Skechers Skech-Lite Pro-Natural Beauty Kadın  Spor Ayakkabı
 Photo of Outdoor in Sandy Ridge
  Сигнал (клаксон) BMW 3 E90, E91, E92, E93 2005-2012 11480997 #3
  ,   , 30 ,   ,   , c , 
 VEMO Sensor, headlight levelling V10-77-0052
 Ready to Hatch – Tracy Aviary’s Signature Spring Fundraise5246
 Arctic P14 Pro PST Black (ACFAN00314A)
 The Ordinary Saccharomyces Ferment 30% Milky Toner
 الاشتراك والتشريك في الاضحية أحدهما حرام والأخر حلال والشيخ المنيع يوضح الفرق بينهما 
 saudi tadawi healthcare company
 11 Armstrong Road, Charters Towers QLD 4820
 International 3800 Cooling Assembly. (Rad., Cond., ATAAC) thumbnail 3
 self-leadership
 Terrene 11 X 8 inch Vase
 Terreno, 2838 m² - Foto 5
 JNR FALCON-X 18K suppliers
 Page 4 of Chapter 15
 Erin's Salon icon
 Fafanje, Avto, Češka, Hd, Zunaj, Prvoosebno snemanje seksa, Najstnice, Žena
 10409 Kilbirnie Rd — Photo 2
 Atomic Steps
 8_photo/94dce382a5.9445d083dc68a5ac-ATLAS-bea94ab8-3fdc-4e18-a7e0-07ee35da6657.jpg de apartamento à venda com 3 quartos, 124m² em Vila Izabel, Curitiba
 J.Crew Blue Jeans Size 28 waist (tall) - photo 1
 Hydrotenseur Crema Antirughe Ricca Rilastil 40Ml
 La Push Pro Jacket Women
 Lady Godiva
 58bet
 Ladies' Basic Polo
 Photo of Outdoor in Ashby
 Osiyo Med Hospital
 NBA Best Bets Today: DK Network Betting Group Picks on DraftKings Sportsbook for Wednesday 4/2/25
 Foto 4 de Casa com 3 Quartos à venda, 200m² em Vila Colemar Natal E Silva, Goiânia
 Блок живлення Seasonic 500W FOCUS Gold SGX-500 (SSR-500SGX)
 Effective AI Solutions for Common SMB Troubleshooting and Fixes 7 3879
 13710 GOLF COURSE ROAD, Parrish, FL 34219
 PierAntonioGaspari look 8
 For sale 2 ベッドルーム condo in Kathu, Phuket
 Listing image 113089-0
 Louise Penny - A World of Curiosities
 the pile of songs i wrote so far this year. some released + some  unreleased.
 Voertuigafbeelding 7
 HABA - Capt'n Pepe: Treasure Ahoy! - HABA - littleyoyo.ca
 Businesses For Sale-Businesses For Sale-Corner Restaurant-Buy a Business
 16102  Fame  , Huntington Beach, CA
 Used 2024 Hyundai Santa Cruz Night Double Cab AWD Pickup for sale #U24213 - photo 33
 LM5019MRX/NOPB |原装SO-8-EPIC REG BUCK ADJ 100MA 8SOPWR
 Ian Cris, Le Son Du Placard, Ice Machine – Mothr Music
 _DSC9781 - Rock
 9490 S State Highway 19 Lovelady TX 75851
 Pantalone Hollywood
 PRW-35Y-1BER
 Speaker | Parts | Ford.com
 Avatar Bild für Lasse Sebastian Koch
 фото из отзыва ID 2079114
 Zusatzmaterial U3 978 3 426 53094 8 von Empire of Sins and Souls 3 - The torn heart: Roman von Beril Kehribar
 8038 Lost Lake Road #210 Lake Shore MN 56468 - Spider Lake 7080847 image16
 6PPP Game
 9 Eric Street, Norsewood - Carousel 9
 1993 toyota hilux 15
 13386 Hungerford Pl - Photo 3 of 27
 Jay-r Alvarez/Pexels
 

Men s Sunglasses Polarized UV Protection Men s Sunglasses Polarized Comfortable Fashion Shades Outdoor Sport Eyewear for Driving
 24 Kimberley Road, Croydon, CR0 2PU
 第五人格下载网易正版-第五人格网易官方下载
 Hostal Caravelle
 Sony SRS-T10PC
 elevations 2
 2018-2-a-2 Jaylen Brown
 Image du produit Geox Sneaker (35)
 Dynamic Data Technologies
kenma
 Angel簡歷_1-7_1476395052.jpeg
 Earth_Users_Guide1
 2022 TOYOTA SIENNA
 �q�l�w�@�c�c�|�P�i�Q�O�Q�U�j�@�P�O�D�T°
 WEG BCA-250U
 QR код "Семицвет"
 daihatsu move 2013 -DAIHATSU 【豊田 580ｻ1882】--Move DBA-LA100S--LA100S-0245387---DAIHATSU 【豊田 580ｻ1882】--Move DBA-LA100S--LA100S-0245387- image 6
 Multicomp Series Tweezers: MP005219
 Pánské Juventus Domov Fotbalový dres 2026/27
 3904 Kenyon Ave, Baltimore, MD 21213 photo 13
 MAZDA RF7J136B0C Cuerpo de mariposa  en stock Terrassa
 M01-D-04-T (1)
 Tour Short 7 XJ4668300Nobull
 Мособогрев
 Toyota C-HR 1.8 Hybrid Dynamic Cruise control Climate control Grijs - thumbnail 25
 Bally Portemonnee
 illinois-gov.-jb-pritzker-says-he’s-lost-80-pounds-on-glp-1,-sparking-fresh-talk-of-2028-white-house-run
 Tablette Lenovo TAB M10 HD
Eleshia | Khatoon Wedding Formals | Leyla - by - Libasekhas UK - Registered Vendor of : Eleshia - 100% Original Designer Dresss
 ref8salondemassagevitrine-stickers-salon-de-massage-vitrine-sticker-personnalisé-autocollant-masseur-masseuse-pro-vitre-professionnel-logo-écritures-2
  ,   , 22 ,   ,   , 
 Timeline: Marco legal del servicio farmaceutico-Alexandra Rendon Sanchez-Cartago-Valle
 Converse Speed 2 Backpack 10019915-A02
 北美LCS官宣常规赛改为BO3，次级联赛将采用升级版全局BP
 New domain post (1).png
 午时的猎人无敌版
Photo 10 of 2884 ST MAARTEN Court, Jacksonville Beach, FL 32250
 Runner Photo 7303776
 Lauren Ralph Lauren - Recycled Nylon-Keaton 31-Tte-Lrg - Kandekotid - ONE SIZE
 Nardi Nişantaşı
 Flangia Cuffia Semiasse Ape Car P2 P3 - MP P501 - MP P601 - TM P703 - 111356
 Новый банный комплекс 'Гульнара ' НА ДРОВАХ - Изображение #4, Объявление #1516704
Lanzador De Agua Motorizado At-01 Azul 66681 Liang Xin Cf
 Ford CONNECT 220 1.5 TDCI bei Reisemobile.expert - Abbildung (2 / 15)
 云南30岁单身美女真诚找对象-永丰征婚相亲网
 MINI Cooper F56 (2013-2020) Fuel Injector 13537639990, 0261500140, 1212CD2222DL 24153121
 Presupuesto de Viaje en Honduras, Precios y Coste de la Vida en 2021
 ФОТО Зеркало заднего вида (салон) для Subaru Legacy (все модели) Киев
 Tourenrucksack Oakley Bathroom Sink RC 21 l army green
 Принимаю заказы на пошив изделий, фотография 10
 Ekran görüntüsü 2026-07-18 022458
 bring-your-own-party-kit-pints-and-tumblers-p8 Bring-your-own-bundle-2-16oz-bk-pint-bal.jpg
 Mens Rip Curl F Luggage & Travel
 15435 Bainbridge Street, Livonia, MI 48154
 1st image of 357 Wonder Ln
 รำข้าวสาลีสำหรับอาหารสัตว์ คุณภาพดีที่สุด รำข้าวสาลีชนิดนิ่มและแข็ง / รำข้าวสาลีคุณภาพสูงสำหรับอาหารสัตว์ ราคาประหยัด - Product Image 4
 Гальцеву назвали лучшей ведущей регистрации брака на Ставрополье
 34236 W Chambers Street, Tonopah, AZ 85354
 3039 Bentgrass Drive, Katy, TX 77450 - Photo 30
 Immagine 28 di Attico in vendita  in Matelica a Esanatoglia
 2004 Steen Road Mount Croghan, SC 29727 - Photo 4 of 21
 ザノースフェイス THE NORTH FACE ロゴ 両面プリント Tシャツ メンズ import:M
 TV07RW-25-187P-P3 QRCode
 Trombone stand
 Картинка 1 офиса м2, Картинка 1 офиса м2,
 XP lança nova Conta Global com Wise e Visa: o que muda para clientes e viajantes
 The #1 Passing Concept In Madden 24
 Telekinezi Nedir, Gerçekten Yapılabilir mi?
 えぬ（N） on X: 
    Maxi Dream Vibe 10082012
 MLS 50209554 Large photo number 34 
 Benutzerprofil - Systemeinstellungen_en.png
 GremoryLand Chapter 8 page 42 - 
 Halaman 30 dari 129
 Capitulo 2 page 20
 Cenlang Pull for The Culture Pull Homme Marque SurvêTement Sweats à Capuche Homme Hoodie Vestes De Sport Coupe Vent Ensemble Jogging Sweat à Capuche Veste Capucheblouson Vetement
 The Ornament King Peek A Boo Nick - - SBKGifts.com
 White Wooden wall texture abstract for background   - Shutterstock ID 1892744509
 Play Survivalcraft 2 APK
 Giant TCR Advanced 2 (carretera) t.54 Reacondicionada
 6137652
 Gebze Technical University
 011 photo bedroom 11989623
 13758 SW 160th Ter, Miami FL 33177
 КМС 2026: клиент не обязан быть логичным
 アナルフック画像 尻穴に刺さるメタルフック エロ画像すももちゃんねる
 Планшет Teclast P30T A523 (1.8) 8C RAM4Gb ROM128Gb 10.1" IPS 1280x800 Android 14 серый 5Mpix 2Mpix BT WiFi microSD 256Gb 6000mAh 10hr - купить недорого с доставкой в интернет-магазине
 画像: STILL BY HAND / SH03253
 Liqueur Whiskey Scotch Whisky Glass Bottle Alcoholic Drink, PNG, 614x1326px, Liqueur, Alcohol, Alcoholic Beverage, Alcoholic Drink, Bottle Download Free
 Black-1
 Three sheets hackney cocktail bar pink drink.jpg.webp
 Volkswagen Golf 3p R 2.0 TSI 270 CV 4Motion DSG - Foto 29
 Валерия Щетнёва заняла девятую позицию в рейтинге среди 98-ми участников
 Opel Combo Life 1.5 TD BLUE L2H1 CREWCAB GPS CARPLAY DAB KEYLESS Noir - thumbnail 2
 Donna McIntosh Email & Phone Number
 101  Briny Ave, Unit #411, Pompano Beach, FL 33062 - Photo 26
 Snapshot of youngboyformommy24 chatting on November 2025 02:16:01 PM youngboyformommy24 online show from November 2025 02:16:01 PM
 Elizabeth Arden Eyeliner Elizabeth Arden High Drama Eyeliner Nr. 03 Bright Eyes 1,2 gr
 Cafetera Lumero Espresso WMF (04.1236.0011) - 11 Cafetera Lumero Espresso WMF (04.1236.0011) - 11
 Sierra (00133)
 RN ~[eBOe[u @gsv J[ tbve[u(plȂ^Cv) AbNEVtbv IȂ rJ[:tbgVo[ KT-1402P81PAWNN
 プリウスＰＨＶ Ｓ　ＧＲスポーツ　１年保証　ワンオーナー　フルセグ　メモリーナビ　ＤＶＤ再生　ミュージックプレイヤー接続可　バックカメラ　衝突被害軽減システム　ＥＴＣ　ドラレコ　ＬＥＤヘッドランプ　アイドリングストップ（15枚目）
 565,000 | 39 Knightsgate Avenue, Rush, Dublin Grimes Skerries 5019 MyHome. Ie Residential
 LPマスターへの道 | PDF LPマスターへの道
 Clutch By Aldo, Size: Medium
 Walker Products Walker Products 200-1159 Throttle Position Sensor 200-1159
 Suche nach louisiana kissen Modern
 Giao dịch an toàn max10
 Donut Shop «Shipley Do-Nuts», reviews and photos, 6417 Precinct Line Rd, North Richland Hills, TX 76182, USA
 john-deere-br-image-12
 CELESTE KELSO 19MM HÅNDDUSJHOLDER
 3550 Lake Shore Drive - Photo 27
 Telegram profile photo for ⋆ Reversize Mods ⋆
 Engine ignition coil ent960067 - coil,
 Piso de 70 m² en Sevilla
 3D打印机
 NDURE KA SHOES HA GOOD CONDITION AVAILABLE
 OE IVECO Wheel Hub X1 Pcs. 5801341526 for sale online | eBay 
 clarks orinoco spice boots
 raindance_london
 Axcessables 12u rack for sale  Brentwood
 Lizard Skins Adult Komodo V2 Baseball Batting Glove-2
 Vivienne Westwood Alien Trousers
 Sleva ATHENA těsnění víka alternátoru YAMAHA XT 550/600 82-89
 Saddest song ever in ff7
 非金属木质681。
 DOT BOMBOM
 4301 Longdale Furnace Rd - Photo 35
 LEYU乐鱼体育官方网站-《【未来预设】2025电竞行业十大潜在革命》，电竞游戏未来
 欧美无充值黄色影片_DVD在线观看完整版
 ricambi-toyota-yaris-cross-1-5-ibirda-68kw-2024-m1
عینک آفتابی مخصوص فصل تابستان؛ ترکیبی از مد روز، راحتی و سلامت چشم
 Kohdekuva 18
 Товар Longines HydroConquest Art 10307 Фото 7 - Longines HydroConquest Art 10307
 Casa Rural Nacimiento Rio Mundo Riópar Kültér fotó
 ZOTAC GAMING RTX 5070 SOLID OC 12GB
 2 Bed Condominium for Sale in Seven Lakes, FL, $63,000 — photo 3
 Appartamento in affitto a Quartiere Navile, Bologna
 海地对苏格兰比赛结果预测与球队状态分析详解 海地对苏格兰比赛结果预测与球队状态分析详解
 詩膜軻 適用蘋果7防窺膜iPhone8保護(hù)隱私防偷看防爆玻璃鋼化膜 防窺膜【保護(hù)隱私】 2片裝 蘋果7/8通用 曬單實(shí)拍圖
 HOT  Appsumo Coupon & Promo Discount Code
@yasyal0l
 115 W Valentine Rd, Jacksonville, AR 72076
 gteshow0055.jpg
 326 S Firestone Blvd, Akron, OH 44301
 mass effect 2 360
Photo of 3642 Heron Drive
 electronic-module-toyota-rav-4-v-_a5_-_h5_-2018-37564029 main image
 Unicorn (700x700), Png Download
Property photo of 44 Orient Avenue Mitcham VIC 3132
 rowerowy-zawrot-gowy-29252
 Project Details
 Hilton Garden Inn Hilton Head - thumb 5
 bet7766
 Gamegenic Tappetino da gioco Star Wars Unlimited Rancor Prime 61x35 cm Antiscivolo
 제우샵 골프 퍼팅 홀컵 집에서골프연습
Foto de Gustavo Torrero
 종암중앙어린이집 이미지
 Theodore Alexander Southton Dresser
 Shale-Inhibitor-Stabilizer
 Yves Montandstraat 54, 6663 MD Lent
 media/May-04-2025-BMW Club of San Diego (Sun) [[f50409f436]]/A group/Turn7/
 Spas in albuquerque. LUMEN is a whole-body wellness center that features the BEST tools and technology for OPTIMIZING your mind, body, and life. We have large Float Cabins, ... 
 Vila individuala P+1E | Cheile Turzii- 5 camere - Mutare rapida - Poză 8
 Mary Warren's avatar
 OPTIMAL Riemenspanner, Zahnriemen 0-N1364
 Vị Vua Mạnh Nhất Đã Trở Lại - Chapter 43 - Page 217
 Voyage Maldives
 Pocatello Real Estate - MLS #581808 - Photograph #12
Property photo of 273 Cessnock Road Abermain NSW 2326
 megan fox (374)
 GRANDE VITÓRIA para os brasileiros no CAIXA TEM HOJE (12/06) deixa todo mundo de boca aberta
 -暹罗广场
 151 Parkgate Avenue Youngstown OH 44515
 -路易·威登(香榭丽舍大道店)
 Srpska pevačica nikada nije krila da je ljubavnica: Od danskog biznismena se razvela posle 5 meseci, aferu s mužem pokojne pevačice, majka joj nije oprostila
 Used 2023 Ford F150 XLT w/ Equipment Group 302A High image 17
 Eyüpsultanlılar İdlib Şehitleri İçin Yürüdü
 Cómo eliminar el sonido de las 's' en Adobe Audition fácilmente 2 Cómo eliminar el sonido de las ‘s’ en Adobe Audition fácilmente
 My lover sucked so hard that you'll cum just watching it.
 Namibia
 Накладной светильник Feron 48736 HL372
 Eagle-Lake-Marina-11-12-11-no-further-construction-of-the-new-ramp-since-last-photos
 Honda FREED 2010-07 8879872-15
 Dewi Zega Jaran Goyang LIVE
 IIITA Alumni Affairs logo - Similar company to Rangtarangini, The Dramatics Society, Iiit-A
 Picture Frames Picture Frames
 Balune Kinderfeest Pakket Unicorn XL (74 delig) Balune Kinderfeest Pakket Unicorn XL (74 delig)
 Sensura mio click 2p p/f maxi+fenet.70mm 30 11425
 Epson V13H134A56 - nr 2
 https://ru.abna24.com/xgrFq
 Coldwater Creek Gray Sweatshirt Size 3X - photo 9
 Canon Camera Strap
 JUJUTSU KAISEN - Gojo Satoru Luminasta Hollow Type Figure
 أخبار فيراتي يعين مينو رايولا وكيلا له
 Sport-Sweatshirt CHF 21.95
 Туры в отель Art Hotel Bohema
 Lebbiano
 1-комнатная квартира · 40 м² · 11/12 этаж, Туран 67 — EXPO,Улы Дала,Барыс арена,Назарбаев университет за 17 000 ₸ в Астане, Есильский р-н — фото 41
-*-*-
### EXERCISE
Taking the entries above, write out exactly the lines starting with the line containing "Гальцеву назвали лучшей" and going on through the line containing "TV07RW-25-187P-P3 QRCode", both included, and nothing else.

### SOLUTION TO THIS PROBLEM
 Гальцеву назвали лучшей ведущей регистрации брака на Ставрополье
 34236 W Chambers Street, Tonopah, AZ 85354
 3039 Bentgrass Drive, Katy, TX 77450 - Photo 30
 Immagine 28 di Attico in vendita  in Matelica a Esanatoglia
 2004 Steen Road Mount Croghan, SC 29727 - Photo 4 of 21
 ザノースフェイス THE NORTH FACE ロゴ 両面プリント Tシャツ メンズ import:M
 TV07RW-25-187P-P3 QRCode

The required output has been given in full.